Your assignment
Your task is to transcribe exactly, and only, the lines running from the one with "San Francisco Bay" to the end of the listing below, inclusive, with every picture left out.

Data section

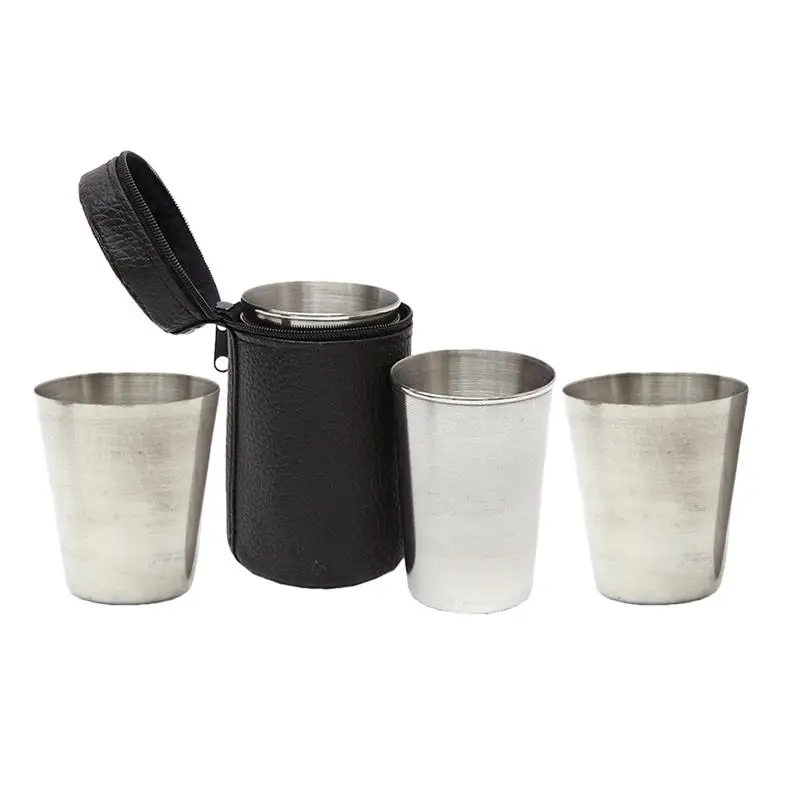 

Metal Cups Stainless Steel Cup Shot Mug Tumbler Drinking Pint Camping Dipping Glasses Coffee Water Dish Glass Thermal Sushi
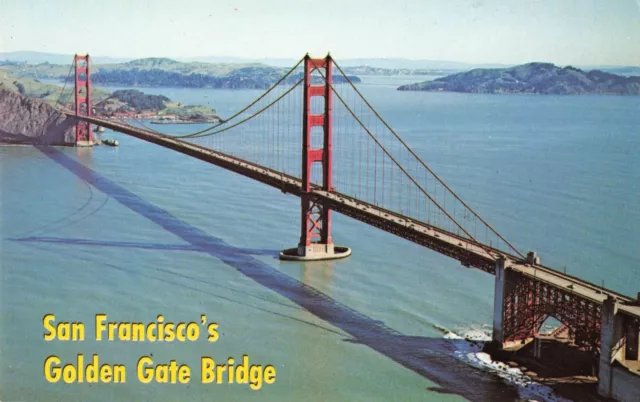 San Francisco Bay CA California, Golden Gate Bridge Aerial View Vintage Postcard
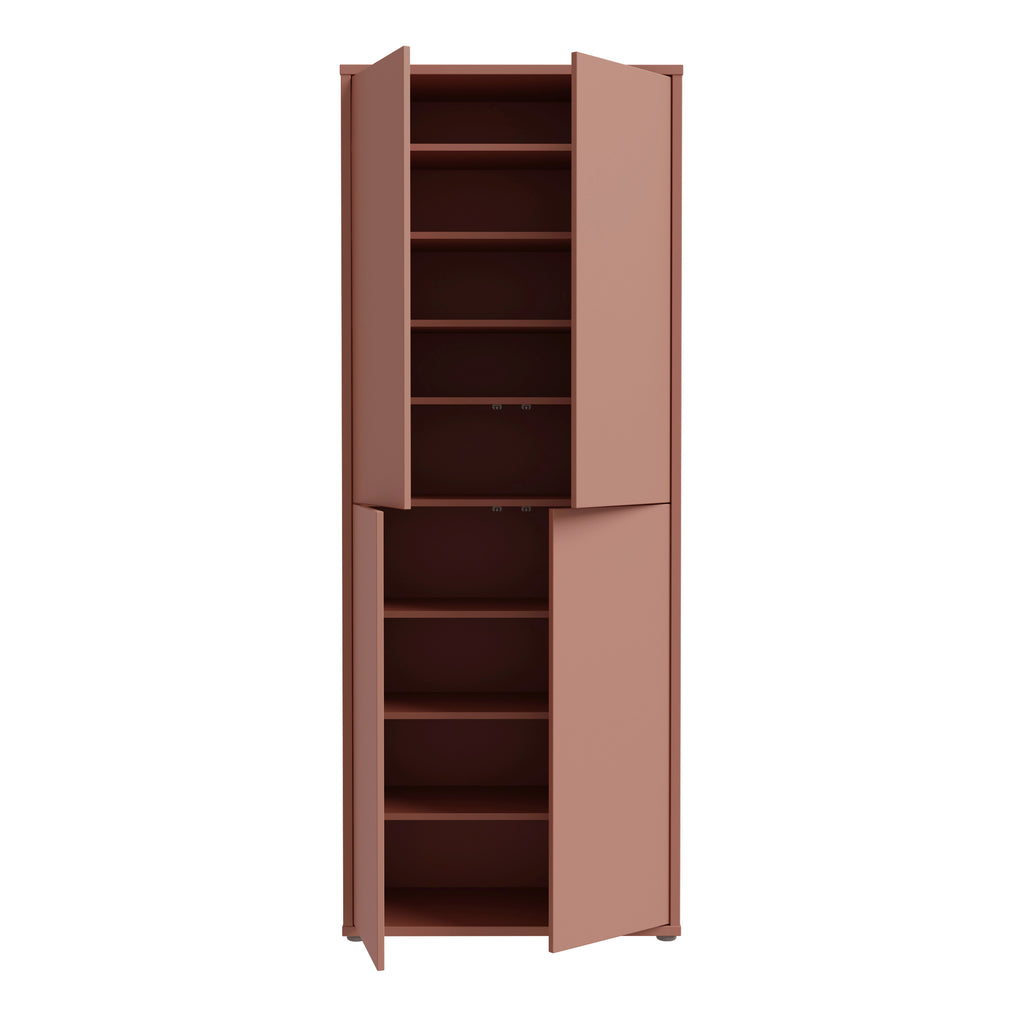 Alice Springs Tall Shoe Cabinet with 4 Doors Push-to-Open in Terracotta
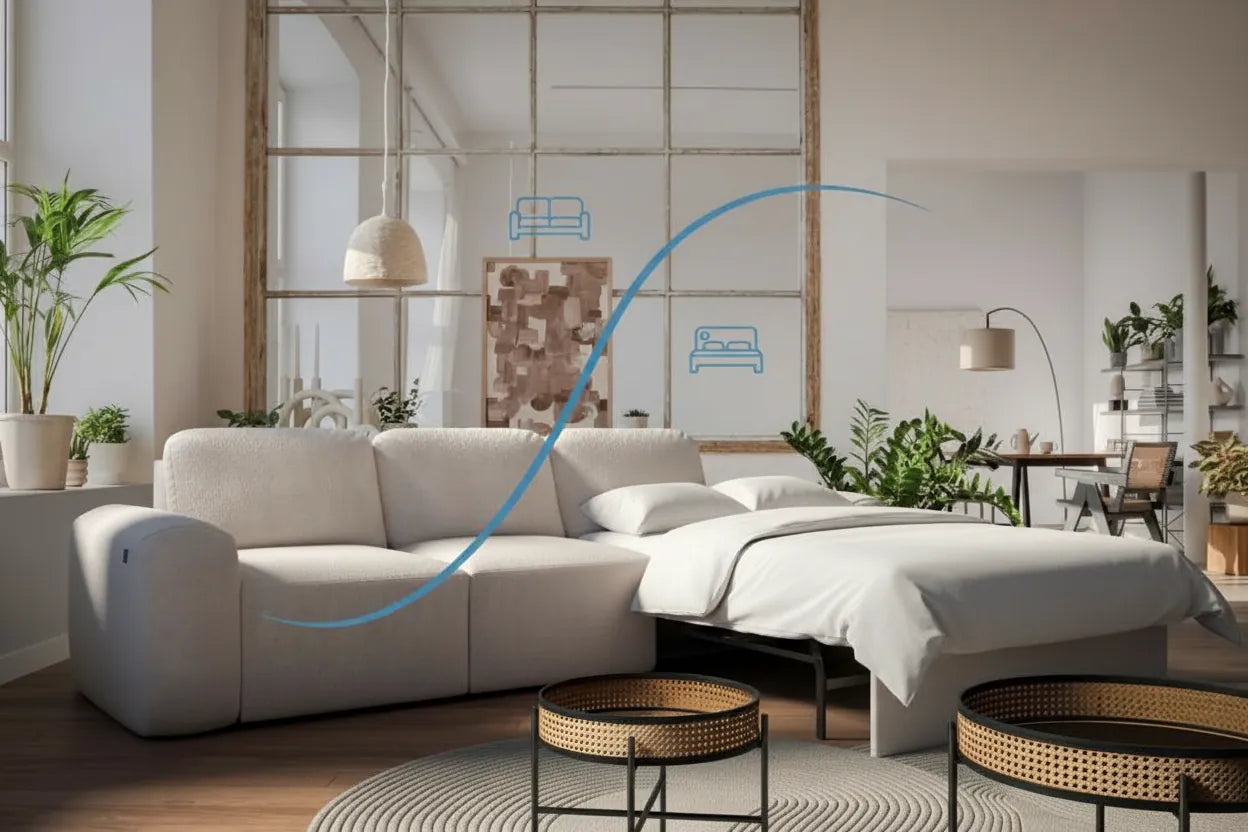 Photo realiste d'un canape moderne se transformant en lit avec une superposition graphique simple illustrant la fonction double.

Output for this exercise
 San Francisco Bay CA California, Golden Gate Bridge Aerial View Vintage Postcard
 Alice Springs Tall Shoe Cabinet with 4 Doors Push-to-Open in Terracotta
 Photo realiste d'un canape moderne se transformant en lit avec une superposition graphique simple illustrant la fonction double.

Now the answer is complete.